Supplied entries »

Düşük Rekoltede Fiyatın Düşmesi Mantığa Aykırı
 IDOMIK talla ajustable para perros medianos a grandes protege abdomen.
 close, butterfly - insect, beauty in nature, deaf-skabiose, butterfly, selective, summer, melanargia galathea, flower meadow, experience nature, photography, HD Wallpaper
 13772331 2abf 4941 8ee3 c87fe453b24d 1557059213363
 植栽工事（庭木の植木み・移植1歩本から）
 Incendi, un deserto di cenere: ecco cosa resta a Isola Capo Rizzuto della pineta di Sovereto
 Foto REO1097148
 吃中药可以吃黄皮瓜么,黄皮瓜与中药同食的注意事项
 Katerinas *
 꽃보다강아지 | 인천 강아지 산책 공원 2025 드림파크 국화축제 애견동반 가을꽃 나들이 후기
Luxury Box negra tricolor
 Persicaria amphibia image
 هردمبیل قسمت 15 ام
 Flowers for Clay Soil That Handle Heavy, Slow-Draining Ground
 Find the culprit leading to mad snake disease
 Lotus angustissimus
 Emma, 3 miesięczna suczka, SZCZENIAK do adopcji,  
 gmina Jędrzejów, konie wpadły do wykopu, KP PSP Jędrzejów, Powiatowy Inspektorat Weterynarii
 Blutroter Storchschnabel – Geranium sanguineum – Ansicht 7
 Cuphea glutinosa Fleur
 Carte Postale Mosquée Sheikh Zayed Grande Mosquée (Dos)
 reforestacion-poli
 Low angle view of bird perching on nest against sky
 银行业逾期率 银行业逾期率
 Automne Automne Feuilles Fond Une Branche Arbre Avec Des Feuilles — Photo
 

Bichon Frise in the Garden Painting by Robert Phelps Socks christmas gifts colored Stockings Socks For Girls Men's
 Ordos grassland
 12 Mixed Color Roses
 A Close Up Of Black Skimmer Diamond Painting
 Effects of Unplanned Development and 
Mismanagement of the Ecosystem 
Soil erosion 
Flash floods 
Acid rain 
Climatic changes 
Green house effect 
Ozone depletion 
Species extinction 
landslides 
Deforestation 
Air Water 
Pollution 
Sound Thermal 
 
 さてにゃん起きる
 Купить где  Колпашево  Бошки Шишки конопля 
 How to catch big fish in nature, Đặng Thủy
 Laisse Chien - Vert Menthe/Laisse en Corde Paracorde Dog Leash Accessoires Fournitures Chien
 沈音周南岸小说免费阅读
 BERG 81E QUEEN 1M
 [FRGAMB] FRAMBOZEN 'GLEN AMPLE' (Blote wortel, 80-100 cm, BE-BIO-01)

Your instructions » Copy out each line of the entries that holds "Soil".

Exercise solution »
 Flowers for Clay Soil That Handle Heavy, Slow-Draining Ground
Soil erosion 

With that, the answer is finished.